[Opening DATASET RECORDS section]

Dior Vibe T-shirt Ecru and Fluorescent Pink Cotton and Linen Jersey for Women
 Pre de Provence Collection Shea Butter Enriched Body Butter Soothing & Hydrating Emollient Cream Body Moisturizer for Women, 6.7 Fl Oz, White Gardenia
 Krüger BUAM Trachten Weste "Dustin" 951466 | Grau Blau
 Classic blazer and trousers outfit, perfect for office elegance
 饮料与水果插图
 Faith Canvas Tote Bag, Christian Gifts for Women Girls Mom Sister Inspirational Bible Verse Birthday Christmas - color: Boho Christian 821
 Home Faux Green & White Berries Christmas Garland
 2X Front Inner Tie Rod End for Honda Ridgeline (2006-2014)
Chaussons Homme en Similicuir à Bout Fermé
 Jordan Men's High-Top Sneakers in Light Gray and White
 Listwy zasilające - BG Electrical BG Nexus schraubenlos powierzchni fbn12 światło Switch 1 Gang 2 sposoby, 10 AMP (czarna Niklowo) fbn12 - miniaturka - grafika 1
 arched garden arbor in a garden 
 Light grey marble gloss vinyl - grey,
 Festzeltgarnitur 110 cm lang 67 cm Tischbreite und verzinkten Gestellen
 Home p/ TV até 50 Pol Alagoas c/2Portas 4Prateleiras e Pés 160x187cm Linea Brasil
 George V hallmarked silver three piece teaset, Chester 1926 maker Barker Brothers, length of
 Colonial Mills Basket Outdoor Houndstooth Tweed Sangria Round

[Closing DATASET RECORDS section]

■ **PROBLEM DESCRIPTION**: The exact lines of the material above starting at the one that contains "Classic blazer and" and ending at the one that contains "Jordan Men's High-Top" are what to retype; leave out everything else.

■ **EXERCISE SOLUTION**:
 Classic blazer and trousers outfit, perfect for office elegance
 饮料与水果插图
 Faith Canvas Tote Bag, Christian Gifts for Women Girls Mom Sister Inspirational Bible Verse Birthday Christmas - color: Boho Christian 821
 Home Faux Green & White Berries Christmas Garland
 2X Front Inner Tie Rod End for Honda Ridgeline (2006-2014)
Chaussons Homme en Similicuir à Bout Fermé
 Jordan Men's High-Top Sneakers in Light Gray and White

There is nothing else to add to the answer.